SAN ANTONIO, Dec. 8, 2017 /PRNewswire/ -- Seno Medical Instruments, Inc. (Seno Medical), the leader in new technology for breast cancer diagnosis using opto-acoustic (OA/US) imaging to differentiate benign from malignant masses, reported clinical data from their clinical study demonstrating that its Imagio™ breast imaging system achieved significant differentiation among prognostic subtypes of breast cancer (PSBC). These prognostic subtypes provide important information about the genes that each patient's cancer expresses. The data are being presented today at 5:00 p.m. during a poster presentation [#P5-02-04] at the San Antonio Breast Cancer Symposium taking place December 5 – 9.
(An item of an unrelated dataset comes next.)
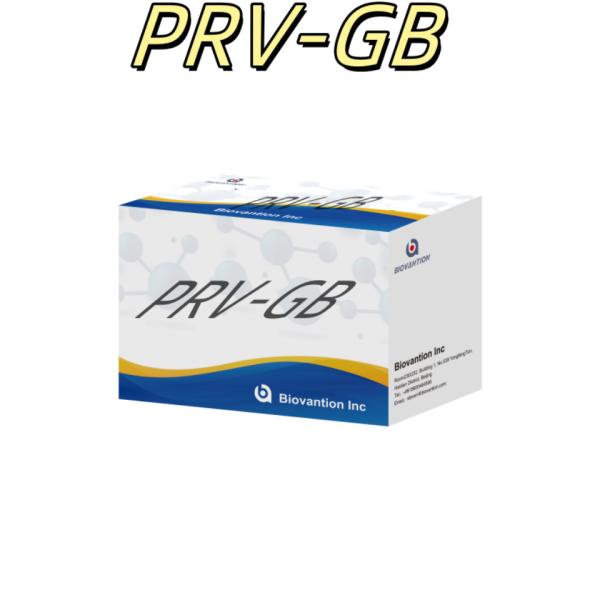 Specificity ELISA Immunoassay Kit for Serological Detection PRV reagent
"Confirming a diagnosis of breast cancer is just the first step in understanding the pathology of a patient's tumor," said study presenter Stephen Grobmyer, M.D., Director, Breast Surgical Oncology, Cleveland Clinic. "Determining a patient's prognostic subtype of breast cancer is essential for understanding how tumors will respond to specific therapies and selecting a treatment regimen that offers the patient the best chance of a positive outcome. The findings that OA/US may differentiate among several breast cancer subtypes suggest that this novel imaging methodology could potentially provide a non-invasive alternative to biopsy without sacrificing information about the molecular pathology of the tumor. This could be an important advance for women with breast cancer."
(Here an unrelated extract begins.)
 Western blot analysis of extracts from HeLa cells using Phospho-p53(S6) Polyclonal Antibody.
The prospective, multi-center study was conducted at 16 centers in the United States. A total of 1,808 breast masses in 1,739 subjects assessed as BI-RADS (Breast Imaging and Reporting Data System, or BR) category 3, 4 or 5 were imaged with OA/US, resulting in the identification of 678 malignant lesions. Eight blinded readers scored these 678 lesions based on three internal features of the tumor and two external features of the tumor boundary and surrounding tissue. An experienced central breast pathologist who was blinded to the OA/US assessment confirmed the pathologic diagnoses. Biopsy specimens were obtained and assessed for the expression of four genes that comprise the PSBC: estrogen receptor (ER), progesterone receptor (PR), HER2-neu (HER2) and Ki-67. The PSBCs are defined as follows:
Luminal A (LUM-A): ER/PR (+) and Ki-67 and HER2 (-). These tumors are often low grade, with slow tumor growth and are associated with the most positive prognosis.
Luminal B (LUM-B): ER (+), PR (+/-), Ki-67 (+) and HER2 (+/-). These tumors are also low grade but grow more quickly than LUM-A.